[Your goal] Everything from the line with "Property photo for" down to the line with "Used 2017 Volkswagen Jetta GLI FWD image 28" below must be printed exactly, those two lines included. Exclude pictures.

[Records for the task]
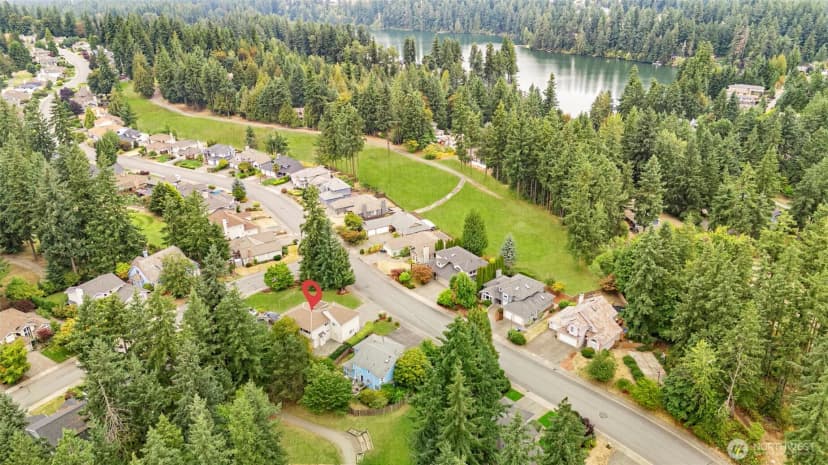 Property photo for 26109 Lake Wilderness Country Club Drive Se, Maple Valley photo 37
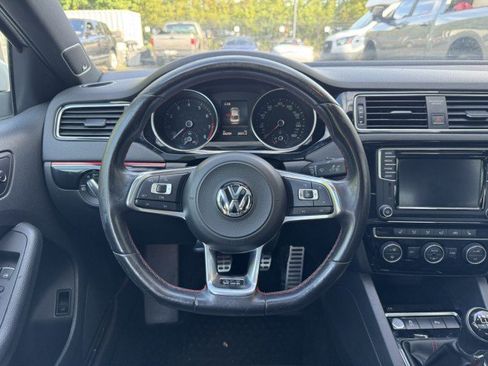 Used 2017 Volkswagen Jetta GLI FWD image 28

--

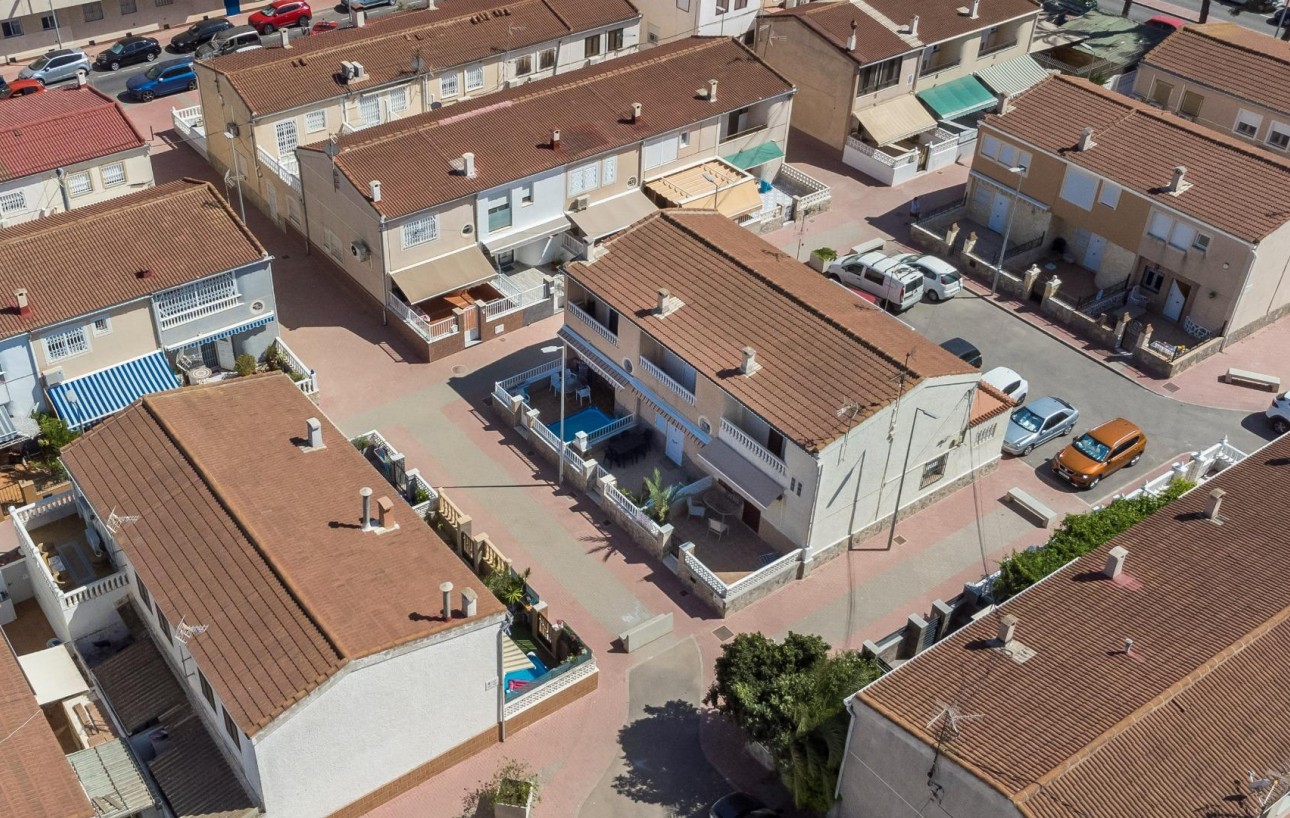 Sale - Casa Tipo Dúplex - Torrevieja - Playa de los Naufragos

[Answer space]
 Property photo for 26109 Lake Wilderness Country Club Drive Se, Maple Valley photo 37
 Used 2017 Volkswagen Jetta GLI FWD image 28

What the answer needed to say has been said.